Open Floghi opened 5 years ago
By debugging the full stack log - line 284 ExtractionRecorder.scala, i found that the datasets in case of IntermediateNodeMapping has size 1 and contain a null element only. An easy fix is to change the line as following but i dont know if it's not hidding a deeper problem
- val datasetss = if(datasets.nonEmpty && datasets.size <= 3)
+ val datasetss = if(datasets.nonEmpty && datasets.size <= 3 && !datasets.exists(p => p == null))
@Termilion can you please have a look at it? i also fixed something related for the importer #567 where the default dataset was overridden to null by some spark modification. @Floghi thanks for diving into that but unfortunately I can not really help with that. by chance: is it possible that something similiar to #567 (wrong construction of the Recorder) causes this?
@JJ-Author Thanks for the insight, it wasn't far away from your fix #567
The real fix must be done in ConfigLoader.scala
--- a/dump/src/main/scala/org/dbpedia/extraction/dump/extract/ConfigLoader.scala
+++ b/dump/src/main/scala/org/dbpedia/extraction/dump/extract/ConfigLoader.scala
@@ -49,7 +49,8 @@ class ConfigLoader(config: Config)
extractionRecorder.get(classTag[T]) match{
case Some(s) => s.get(lang) match {
case None =>
- s(lang) = config.getDefaultExtractionRecorder[T](lang, 2000, null, null, ListBuffer(dataset), extractionMonitor)
+ val datasetsParam = if (dataset == null) ListBuffer[Dataset]() else ListBuffer(dataset)
+ s(lang) = config.getDefaultExtractionRecorder[T](lang, 2000, null, null, datasetsParam, extractionMonitor)
s(lang).asInstanceOf[ExtractionRecorder[T]]
case Some(er) =>
if(dataset != null) if(!er.datasets.contains(dataset)) er.datasets += dataset
when getExtractionRecorder was called with no dataset (default was null) or null specified, getDefaultExtractionRecorder was using simply ListBuffer(dataset) implying the issue later..

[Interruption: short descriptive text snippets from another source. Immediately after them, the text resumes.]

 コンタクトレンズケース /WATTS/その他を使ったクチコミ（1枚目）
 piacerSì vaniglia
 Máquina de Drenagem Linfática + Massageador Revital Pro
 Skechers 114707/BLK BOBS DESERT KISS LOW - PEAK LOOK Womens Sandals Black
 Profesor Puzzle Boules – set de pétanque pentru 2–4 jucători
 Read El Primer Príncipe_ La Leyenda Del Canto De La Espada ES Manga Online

If it's confirmed by @Termilion you can probably fix it on master
thanks @Floghi. @Termilion can you confirm that this is the fix
@Floghi hi, we needed some time to improve the testing architecture to fix bugs such as yours. I just added your pages to the mini-frwiki.xml.bz2 dump here https://github.com/dbpedia/extraction-framework/tree/master/dump/src/test/resources some docu here https://forum.dbpedia.org/t/new-ci-tests-on-dbpedia-releases/77/3
Could you tell us which extractors you used or send us your config file?

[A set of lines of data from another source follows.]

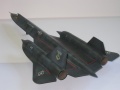 Hasegawa 1/72 SR-71 Blackbird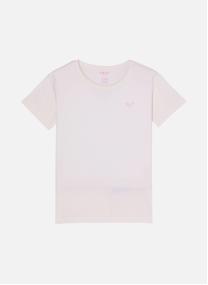 Tee-shirts Lilyregular Night Vintage fille blanc Roxy Tee-shirts Lilyregular Night Vintage fille blanc Blanc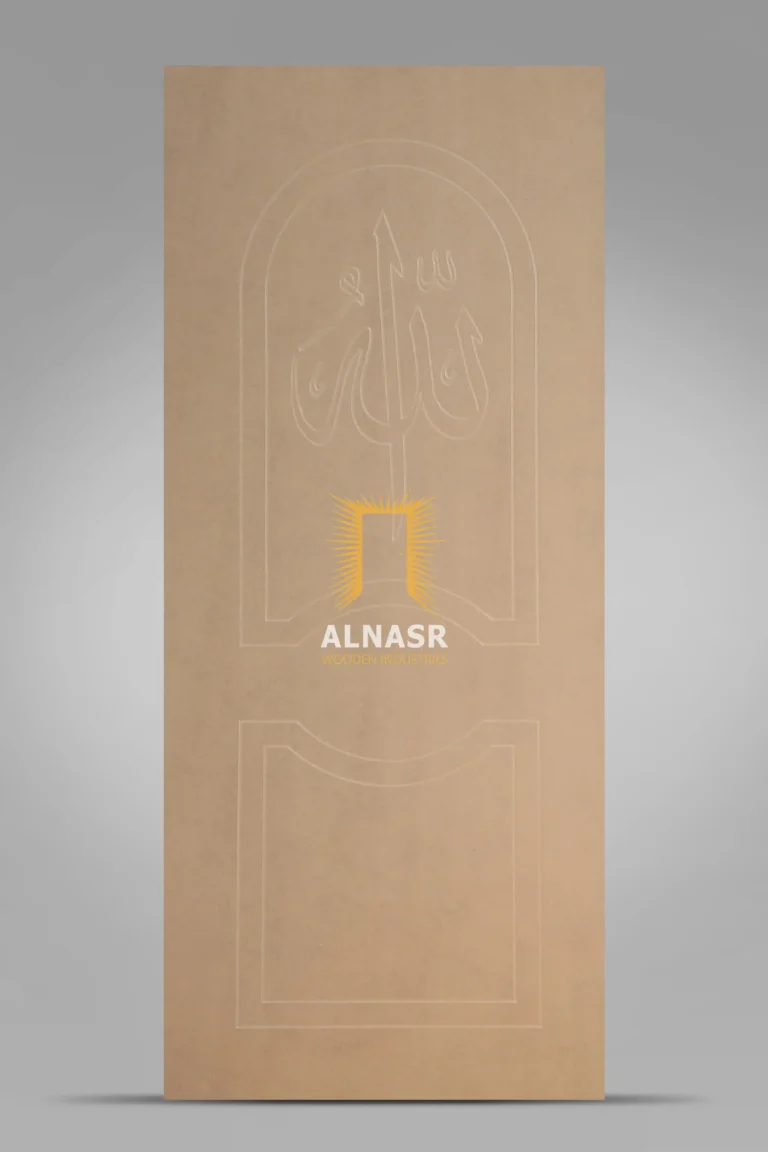 RS9-SC alnasr wooden industries solid cnc veneer النصر للصناعات الخشبية وش باب سادة سي ان سي-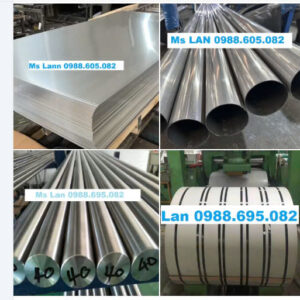 Inox duplex 2205 tấm, ống, cuộn, thanh tròn...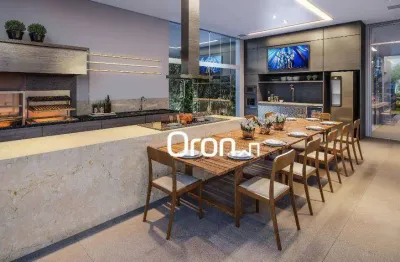 Apartamento à venda, 452 m² por r$ 5.495.000,00 - setor oeste - goiânia/go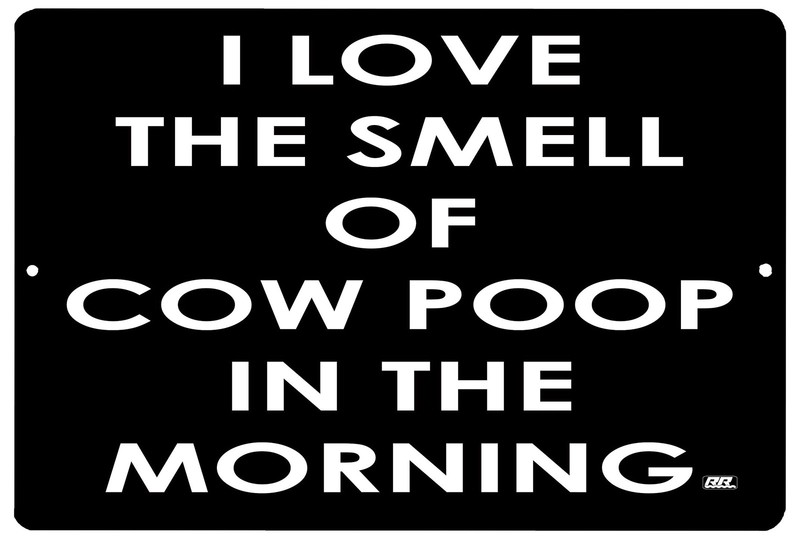 Rogue River Tactical Funny Metal Tin Sign Ranch Kitchen Wall Decor Farm I Lov...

Hey @kurzum , thanks I will check your links,
my config file was in the zip attached in my first post, i.e.
log-dir=/model-quickstarter/wdir/log base-dir=/model-quickstarter/wdir/frFR wiki=fr locale=fr source=dump.xml require-download-complete=false languages=fr ontology=../ontology.xml mappings=../mappings uri-policy.uri=uri:en; generic:en; xml-safe-predicates:* format.nt.gz=n-triples;uri-policy.uri extractors=.RedirectExtractor,.DisambiguationExtractor,.MappingExtractor
Hello, first thanks for the great job you are doing with extraction-framework!

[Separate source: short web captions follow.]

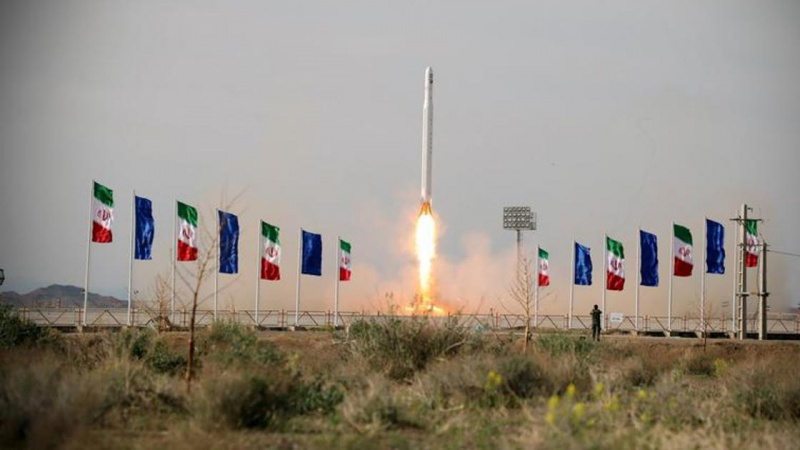 گزارش سازمان اروپایی از موفقیت ایران در پرتاب ماهواره نظامی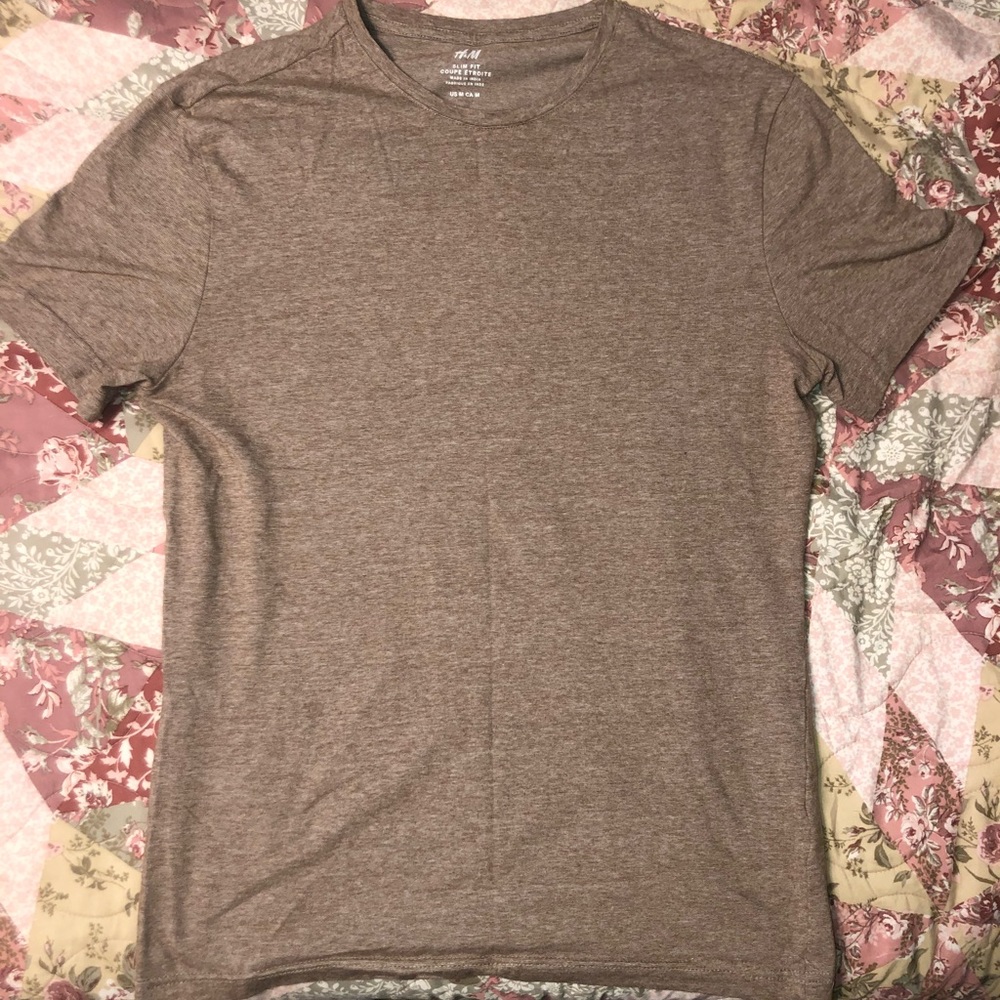 Men's medium slim fit H&M shirt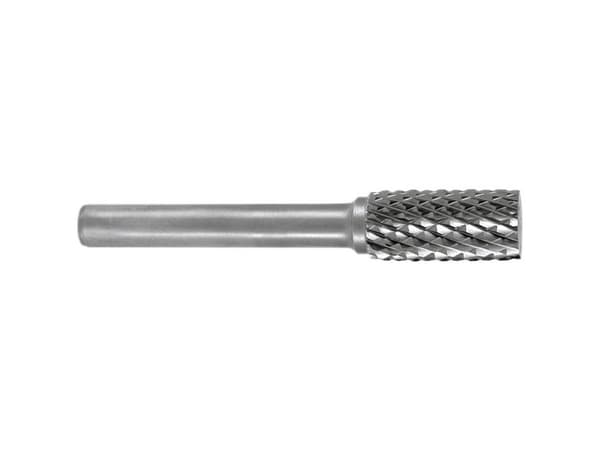 RUKO 116046 Jyrsintätappi Sylinteri Pallon halkaisija 3 mm Karbidi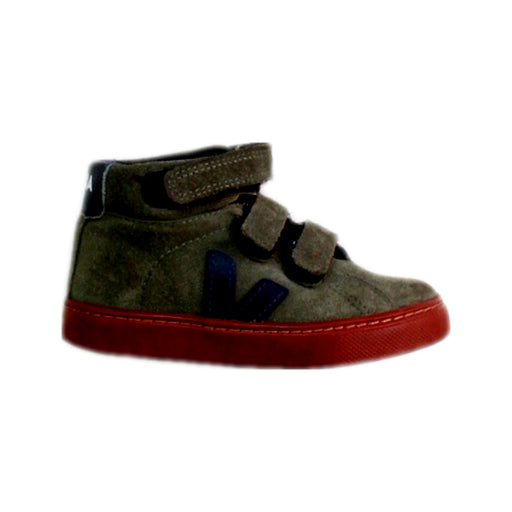 A Beige Sneakers from Veja in size 3T for boy. (Front View)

From the commit e0ce38ee8cadfba1d579963adc95cc9af42bb60c (15 nov 2018) and more precisely the modification line 46 in core/src/main/scala/org/dbpedia/extraction/mappings/IntermediateNodeMapping.scala
I get errors like this for each country, places in french dump Exception; fr; Main Extraction at 00:00.084s for 16 datasets; Main Extraction failed for instance http://fr.dbpedia.org/resource/Autriche: null
In attach a minimal dump (containing 2 pages from french wiki dump - "Autriche" badly extracted, and "Antoine Meillet" correctly extracted) and my properties file to easily reproduce.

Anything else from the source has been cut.